▶ _Data section_:
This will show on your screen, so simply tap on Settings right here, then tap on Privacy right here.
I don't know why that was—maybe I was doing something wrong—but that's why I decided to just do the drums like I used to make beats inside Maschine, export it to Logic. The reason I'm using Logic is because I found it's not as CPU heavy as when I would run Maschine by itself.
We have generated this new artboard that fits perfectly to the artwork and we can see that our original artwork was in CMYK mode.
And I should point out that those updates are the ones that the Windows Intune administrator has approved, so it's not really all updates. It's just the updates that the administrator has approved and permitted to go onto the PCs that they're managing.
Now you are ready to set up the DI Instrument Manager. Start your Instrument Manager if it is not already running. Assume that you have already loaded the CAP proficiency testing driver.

...

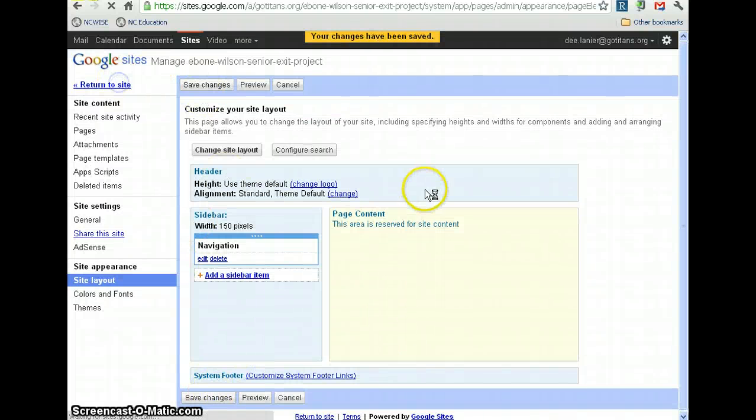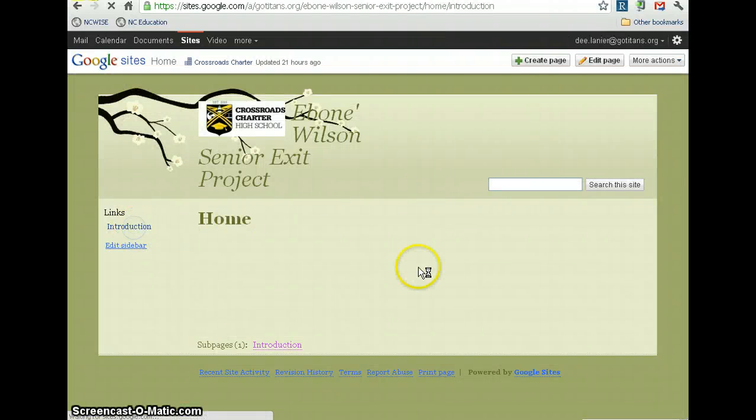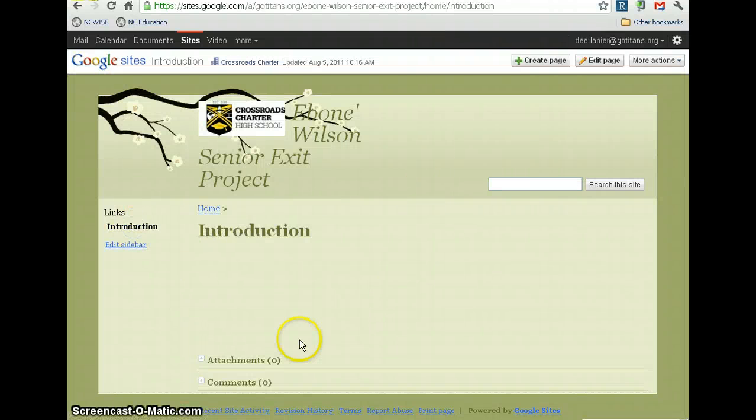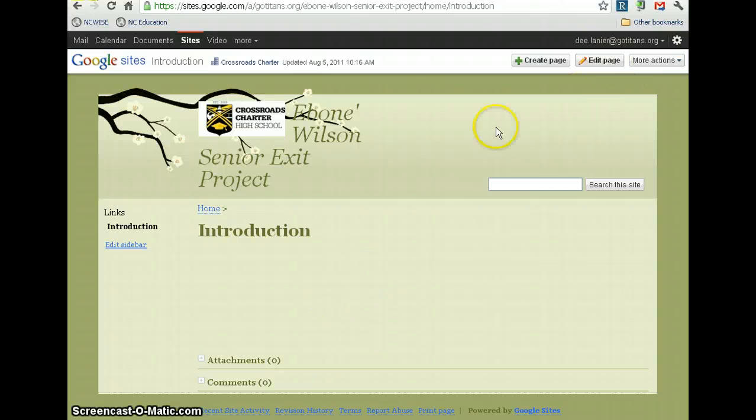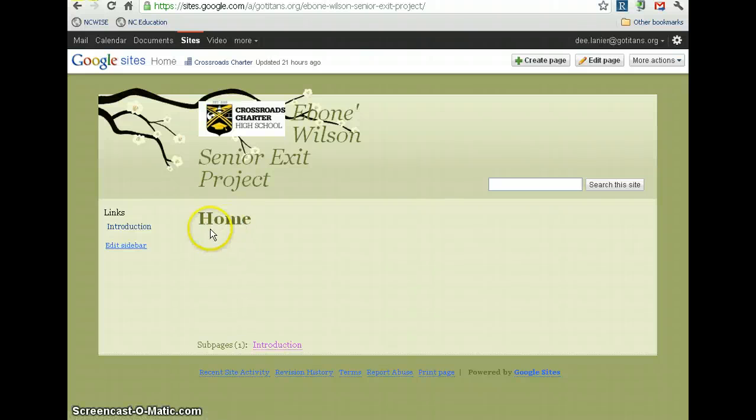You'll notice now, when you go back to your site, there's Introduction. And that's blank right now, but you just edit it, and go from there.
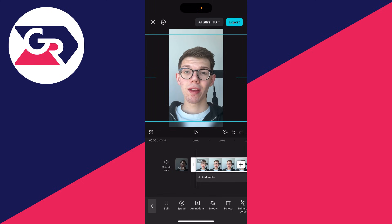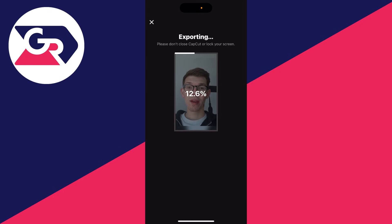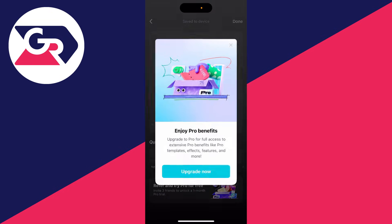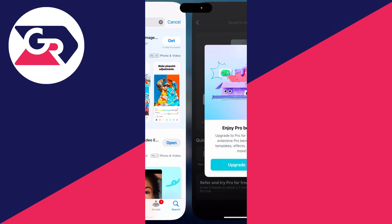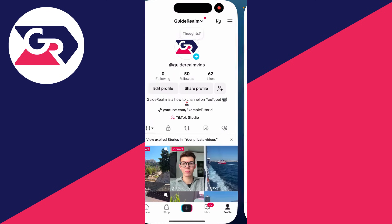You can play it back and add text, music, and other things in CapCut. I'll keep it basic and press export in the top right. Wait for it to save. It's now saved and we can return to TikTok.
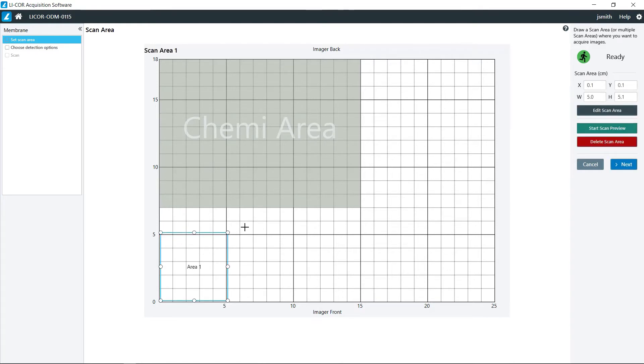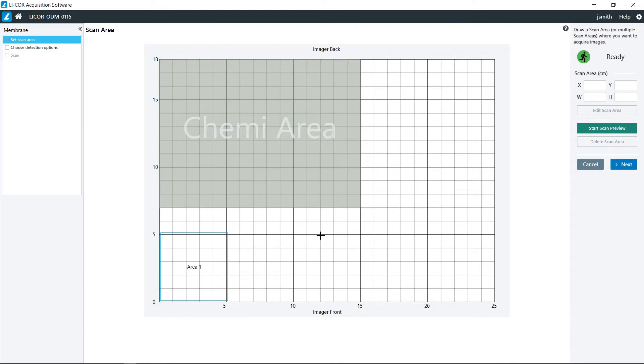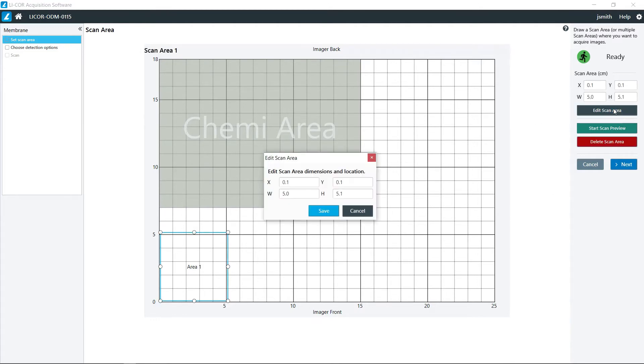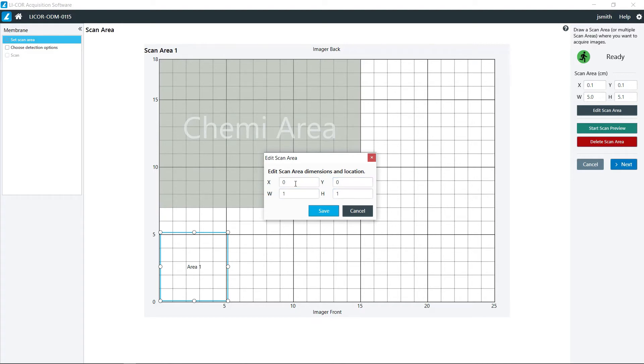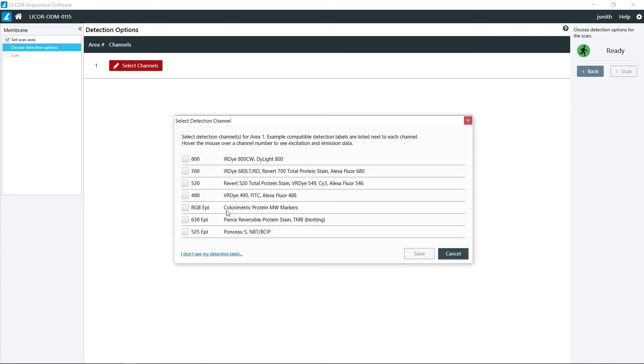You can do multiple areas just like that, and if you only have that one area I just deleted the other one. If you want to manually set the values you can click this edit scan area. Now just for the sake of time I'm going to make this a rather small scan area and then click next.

▶ _Task directions_: Reproduce, exactly and only, the lines of the records above starting at the line with "You'll notice now, when" and ending at the line with "You can do multiple", both included. Leave every picture out.

▶ _Your response_:
You'll notice now, when you go back to your site, there's Introduction. And that's blank right now, but you just edit it, and go from there.
You can play it back and add text, music, and other things in CapCut. I'll keep it basic and press export in the top right. Wait for it to save. It's now saved and we can return to TikTok.
You can do multiple areas just like that, and if you only have that one area I just deleted the other one. If you want to manually set the values you can click this edit scan area. Now just for the sake of time I'm going to make this a rather small scan area and then click next.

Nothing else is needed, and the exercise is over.